The requirements of subsection (a) respecting the disclosure of sources of information and the recipients of consumer reports do not apply to information received or consumer reports furnished prior to the effective date of this subchapter except to the extent that the matter involved is contained in the files of the consumer reporting agency on that date.
The Commission,2 in consultation with the Federal banking agencies and the National Credit Union Administration, shall prepare a model summary of the rights of consumers under this subchapter with respect to the procedures for remedying the effects of fraud or identity theft involving credit, an electronic fund transfer, or an account or transaction at or with a financial institution or other creditor.
Beginning 60 days after the date on which the model summary of rights is prescribed in final form by the Bureau pursuant to paragraph (1), if any consumer contacts a consumer reporting agency and expresses a belief that the consumer is a victim of fraud or identity theft involving credit, an electronic fund transfer, or an account or transaction at or with a financial institution or other creditor, the consumer reporting agency shall, in addition to any other action that the agency may take, provide the consumer with a summary of rights that contains all of the information required by the Bureau under paragraph (1), and information on how to contact the Bureau to obtain more detailed information.
Information required to be provided under paragraph (1) shall be so provided without charge.
Except as provided in section 1681s of this title, sections 1681n and 1681o of this title do not apply to any violation of this subsection.
No business entity may be held civilly liable under any provision of Federal, State, or other law for disclosure, made in good faith pursuant to this subsection.
Nothing in this subsection creates an obligation on the part of a business entity to obtain, retain, or maintain information or records that are not otherwise required to be obtained, retained, or maintained in the ordinary course of its business or under other applicable law.
Except as provided in subparagraph (A), nothing in this subsection permits a business entity to disclose information, including information to law enforcement under subparagraphs (B) and (C) of paragraph (1), that the business entity is otherwise prohibited from disclosing under any other applicable provision of Federal or State law.
For purposes of this subsection, the term “victim” means a consumer whose means of identification or financial information has been used or transferred (or has been alleged to have been used or transferred) without the authority of that consumer, with the intent to commit, or to aid or abet, an identity theft or a similar crime.

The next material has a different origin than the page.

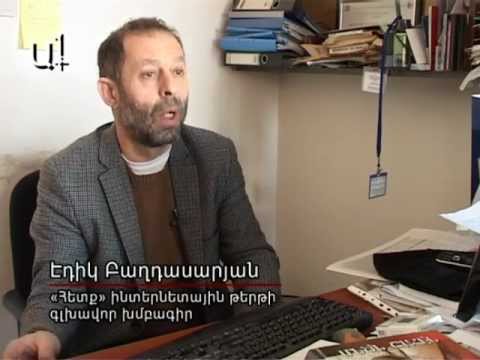 «ՀՀ ոստիկանությունը պետք է լուծարել»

Not later than 18 months after December 4, 2003, the Comptroller General of the United States shall submit a report to Congress assessing the effectiveness of this provision.
The information required by this subsection shall be provided in the same timeframe and manner as the information described in subsection (a).

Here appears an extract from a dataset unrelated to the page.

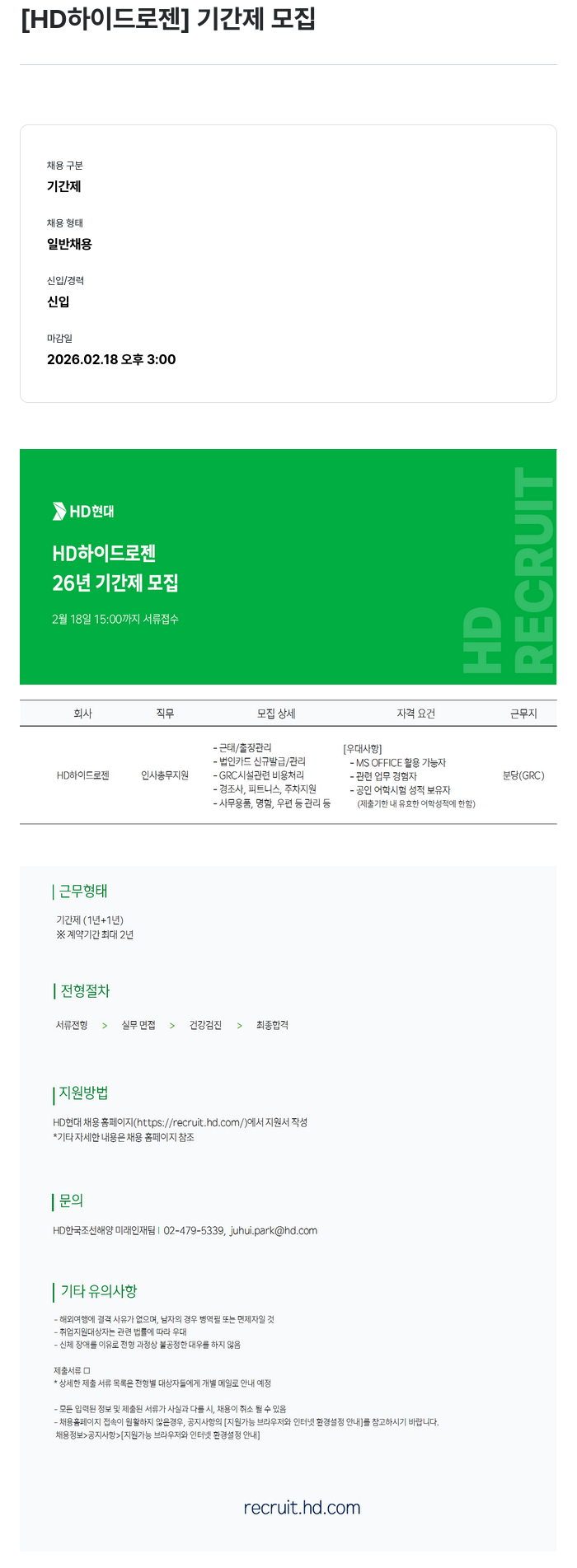 HD하이드로젠 [HD하이드로젠] 인사 총무 지원 기간제 채용 채용공고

This subsection shall not be construed to require a consumer reporting agency that distributes credit scores developed by another person or entity to provide a further explanation of them, or to process a dispute arising pursuant to section 1681i of this title, except that the consumer reporting agency shall provide the consumer with the name and address and website for contacting the person or entity who developed the score or developed the methodology of the score.
In addition to the information provided to it by a third party that provided the credit score or scores, a lender is only required to provide the notice contained in subparagraph (D).

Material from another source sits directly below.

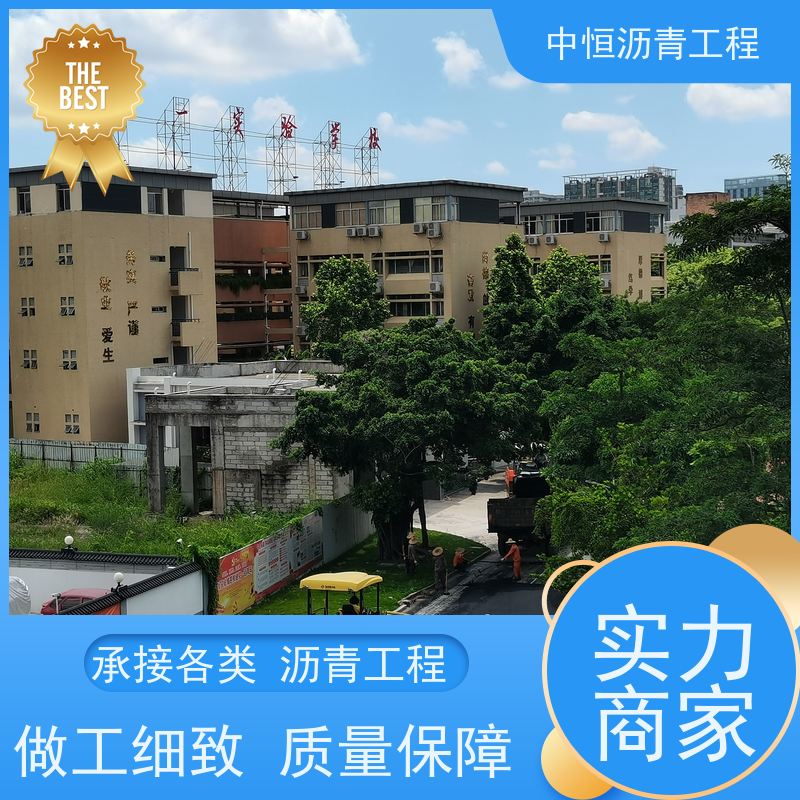 中恒 小区 沥青路 面维 护 道路工程 货源充足 质量保障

A person that is subject to the provisions of this subsection and that uses a credit score, other than a credit score provided by a consumer reporting agency, may satisfy the obligation to provide a credit score by disclosing a credit score and associated key factors supplied by a consumer reporting agency.
“notice to the home loan applicant
“In connection with your application for a home loan, the lender must disclose to you the score that a consumer reporting agency distributed to users and the lender used in connection with your home loan, and the key factors affecting your credit scores.
“The credit score is a computer generated summary calculated at the time of the request and based on information that a consumer reporting agency or lender has on file. The scores are based on data about your credit history and payment patterns. Credit scores are important because they are used to assist the lender in determining whether you will obtain a loan. They may also be used to determine what interest rate you may be offered on the mortgage. Credit scores can change over time, depending on your conduct, how your credit history and payment patterns change, and how credit scoring technologies change.
“Because the score is based on information in your credit history, it is very important that you review the credit-related information that is being furnished to make sure it is accurate. Credit records may vary from one company to another.
“If you have questions about your credit score or the credit information that is furnished to you, contact the consumer reporting agency at the address and telephone number provided with this notice, or contact the lender, if the lender developed or generated the credit score. The consumer reporting agency plays no part in the decision to take any action on the loan application and is unable to provide you with specific reasons for the decision on a loan application.
“If you have questions concerning the terms of the loan, contact the lender.”.
A lender shall not have liability under any contractual provision for disclosure of a credit score pursuant to this subsection.